■ **Try it**
Below are some records. Quote exactly the lines from the one that contains "Globos para modelar" through the last, both included, and leave out the pictures.

[Image-caption web data]
......

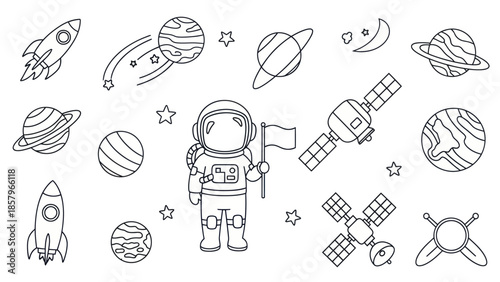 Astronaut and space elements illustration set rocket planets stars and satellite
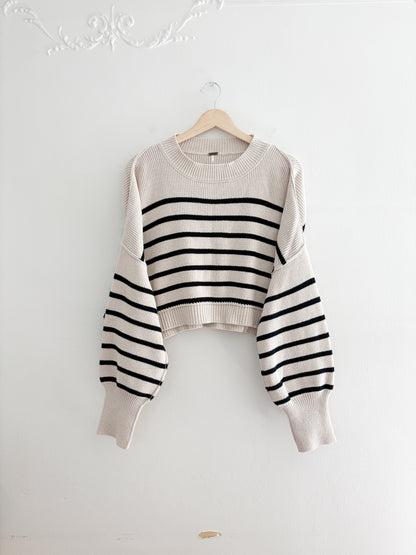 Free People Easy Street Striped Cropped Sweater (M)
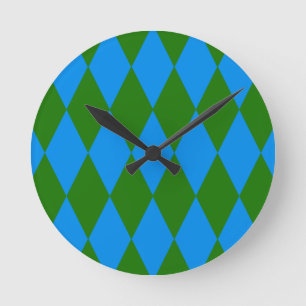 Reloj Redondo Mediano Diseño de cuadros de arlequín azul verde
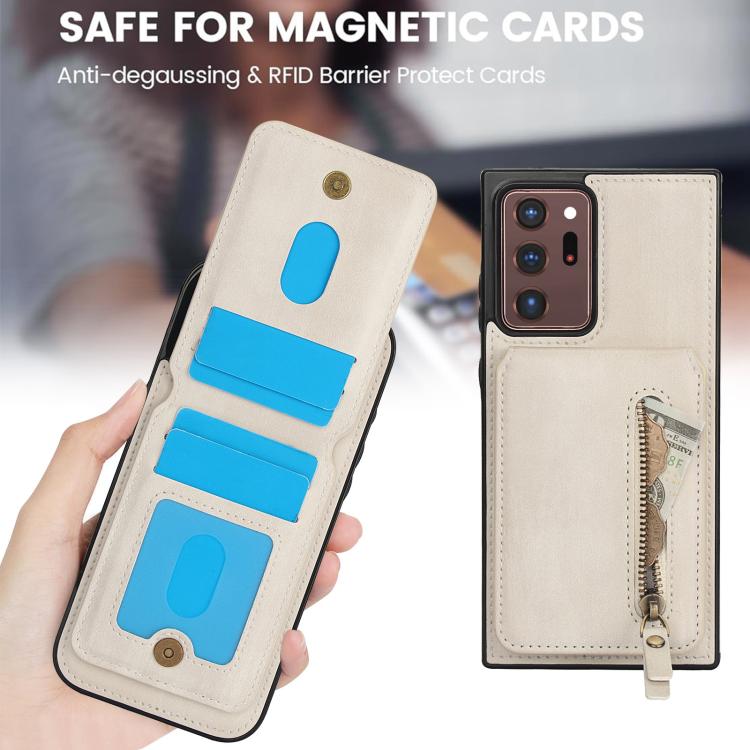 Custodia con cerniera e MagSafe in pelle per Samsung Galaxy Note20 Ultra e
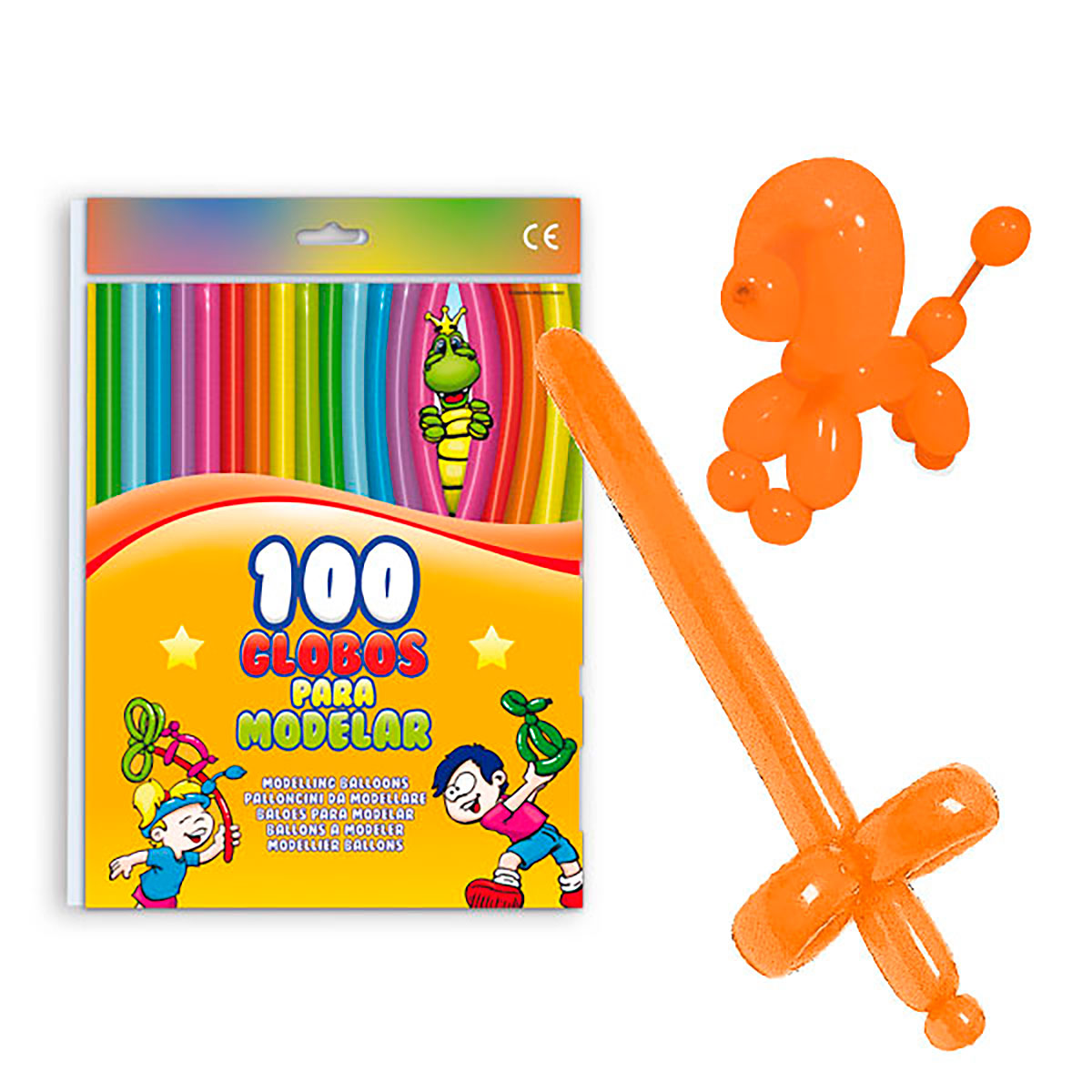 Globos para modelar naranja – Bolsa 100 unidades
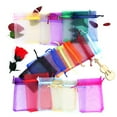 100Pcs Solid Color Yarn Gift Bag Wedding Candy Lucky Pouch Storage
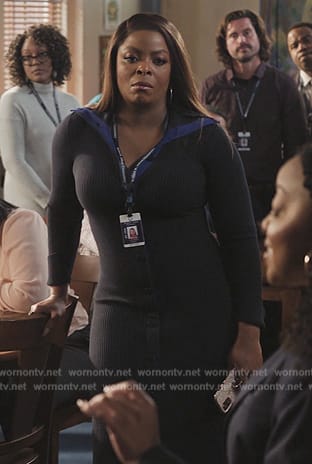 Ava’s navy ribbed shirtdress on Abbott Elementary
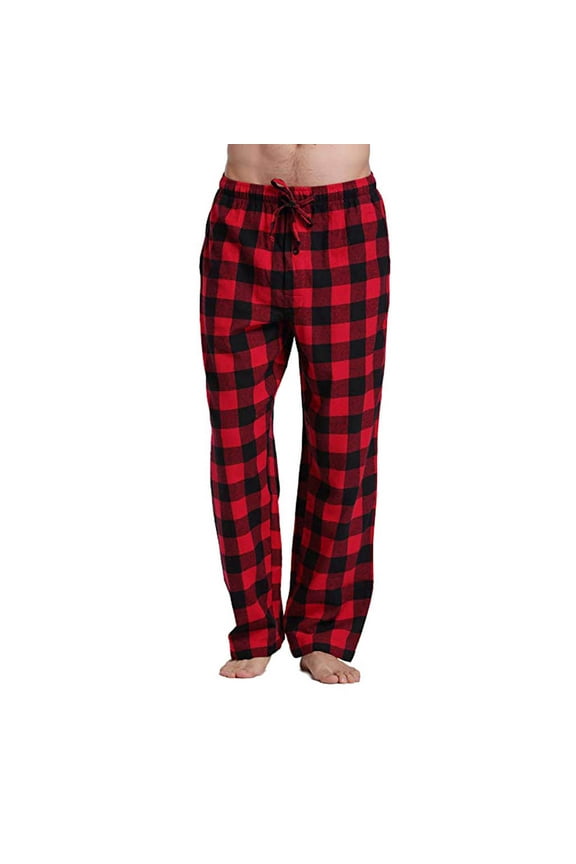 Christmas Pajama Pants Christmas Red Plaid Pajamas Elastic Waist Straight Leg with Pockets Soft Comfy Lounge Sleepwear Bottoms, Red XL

......

■ **Task result**
 Globos para modelar naranja – Bolsa 100 unidades
 100Pcs Solid Color Yarn Gift Bag Wedding Candy Lucky Pouch Storage
 Ava’s navy ribbed shirtdress on Abbott Elementary
 Christmas Pajama Pants Christmas Red Plaid Pajamas Elastic Waist Straight Leg with Pockets Soft Comfy Lounge Sleepwear Bottoms, Red XL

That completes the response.